2. The case is admittedly one where the defendants are already tenants of the land-lords. The defendants' homesteads adjoin this tank and if the defendants have been in possession of the tank the inference is particularly strong that they have been in possession of it either by some leave or license of the landlords or else under a claim that the tank is a part of the land to which they are entitled as tenants. The learned Judge has dealt with the case on the line of decisions applicable to what is sometimes called adverse possession of limited interest. The learned Vakil for the appellants contests the question whether upon the facts as found by the learned Judge the defendants' possession has been continuous and adverse for the whole of the 12 years.
3. Now, the learned Judge has found that the defendants have always been in possession of the tank in question. It is. quite clear that he means to find against any notion of mere user with leave and license. That matter may be put on one-side altogether. The objection taken to the finding is that as the landlords advertised for tenants and the defendants bid at the auction, this shows that the possession is not adverse in its character That matter may be looked at in one or other of two ways. It may be looked at as a piece of evidence upon the question whether the defendants are in possession claiming to be tenants or whether in possession asserting that the landlords had no right whatever.
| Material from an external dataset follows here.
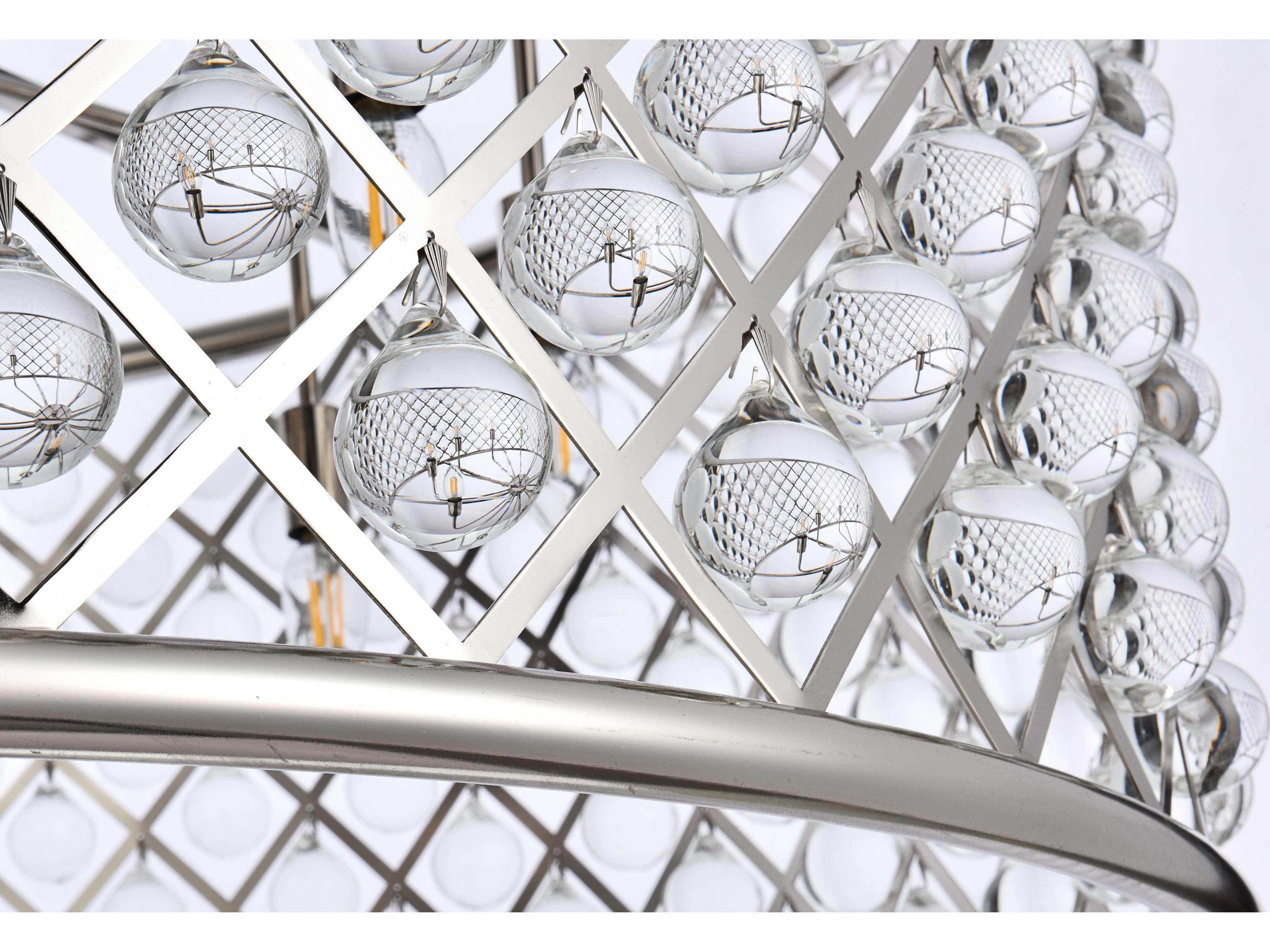 Elegant Lighting Madison 10-Light Polished Nickel Crystal Drum Chandelier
The learned Judge has found against the question of leave and license on the general facts of the case If the matter be looked at from the point of view of acknowledgment it is quite clear that there was no sufficient acknowledgment under Section 19 of the Limitation Act; and there was no disturbance of possession by the holding of this auction Various motives are possible to explain why the tenants should bid it such an auction and we are wholly unable to find that incidents of this auction show that the learned Judge was wrong in his finding of fact or that he must have misdirected himself on the point of law. It has been contended that in this class of cases the whole question arises under Article 144 of the Limitation Act and, therefore, if it can be shown that at any period the defendant's possession was not adverse the plaintiffs must succeed. Now it is undoubtedly the law that cases of this character are not outside the scope of Article 142. The position is this: if the person encroaching upon other land is not a tenant then the mere fact of his open and continuous encroachment would prima facie be possession adverse to the fullest extent against the landlord. Because he is a tenant, it is presumed in the landlord's favour that the possession is only under a claim of a limited right. Now if the possession is under a claim which is adverse to the landlord though only to a limited extent then for the purpose of the right which the tenant is claiming the possession of the tenant is no longer the possession of the landlord.
4. Article 142 and Article 144 in this case are in no wise in conflict. There is ample authority now for the proposition that the plaintiff in this class of cases coming into Court must show that he has been dispossessed not in the full sense of the word but in its limited sense within 12 years of the suit. This was laid down quite clearly in the judgment of Mr. Justice Mookerjee in Raktoo Singh v. Sundram Ahir (1908) 8 C.L.J. 557 and it was laid down also by the Privy Council in the judgment delivered by Sir John Edge in Dharani Kanta Lahiri v. Gabar Ali Khan (1913) 17 C.W.N. 889. For these reasons it does not seem to us that the law applied by the learned Judge is in any way wrong or that he has misdirected himself in applying it.
5. Now, the only remaining question is this. It appears that in the plaint an alternative claim was made against the landlords for the refund of Salami of Rs. 400 paid to the landlords at the time when the plaintiffs took settlement of the tank. As regards the claim for khas possession the landlords are mere pro forma defendants. But this claim upon which they are substantive defendants has been coupled with the other claim for khas possession. The learned Judge in the Court of appeal below took the matter to be this -having decided that the plaintiffs cannot get khas possession he said that the plaintiffs might then choose to do one or other of the two things. They might choose to accept rent from the defendants or they might sue the landlords for refund of She premium paid to them. He left it to the plaintiffs to make up their mind after the suit had been dismissed as to what they would do. Now it appears that the landlords did not take any part in this case in the lower Appellate Court. It is true that no mention of any intention to take rant from anybody is in the plaint and we do not see that there is any answer before the Court to the claim to have Rs. 400 refunded. This matter in no way affects any question of costs. As between the plaintiffs and the defendants who appear here as respondents the appeal will be dismissed with costs. As against the landlords defendants the appellants must have a judgment in this action for Rs. 400.